=== Begin Enclosure ===

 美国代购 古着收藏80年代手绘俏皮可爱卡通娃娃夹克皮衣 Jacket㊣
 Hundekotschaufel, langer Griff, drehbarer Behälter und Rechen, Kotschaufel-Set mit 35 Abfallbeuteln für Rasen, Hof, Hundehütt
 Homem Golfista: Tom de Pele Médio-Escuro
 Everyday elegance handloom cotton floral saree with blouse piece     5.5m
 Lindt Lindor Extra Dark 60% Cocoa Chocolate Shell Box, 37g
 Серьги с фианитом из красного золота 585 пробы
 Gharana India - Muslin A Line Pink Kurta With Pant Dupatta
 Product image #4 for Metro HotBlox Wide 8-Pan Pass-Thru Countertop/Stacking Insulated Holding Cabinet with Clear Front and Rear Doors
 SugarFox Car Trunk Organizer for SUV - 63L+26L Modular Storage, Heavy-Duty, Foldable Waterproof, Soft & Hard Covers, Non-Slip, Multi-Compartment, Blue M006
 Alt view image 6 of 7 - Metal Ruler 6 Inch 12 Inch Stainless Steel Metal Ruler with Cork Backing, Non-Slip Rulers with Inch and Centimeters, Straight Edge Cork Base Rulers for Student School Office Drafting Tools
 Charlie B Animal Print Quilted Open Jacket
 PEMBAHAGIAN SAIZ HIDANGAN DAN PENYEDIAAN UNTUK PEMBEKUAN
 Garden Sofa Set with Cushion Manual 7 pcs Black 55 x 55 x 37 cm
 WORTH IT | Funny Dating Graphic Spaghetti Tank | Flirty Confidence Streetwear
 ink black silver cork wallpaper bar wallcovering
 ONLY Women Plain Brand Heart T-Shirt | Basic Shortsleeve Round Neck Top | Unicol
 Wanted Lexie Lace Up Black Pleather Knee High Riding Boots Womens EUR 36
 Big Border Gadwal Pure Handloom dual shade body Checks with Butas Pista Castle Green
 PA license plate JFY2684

=== End Enclosure ===

Your instructions >> Give the number of lines in the records that contain the string "Jacket", and nothing besides.

Exercise result >> 2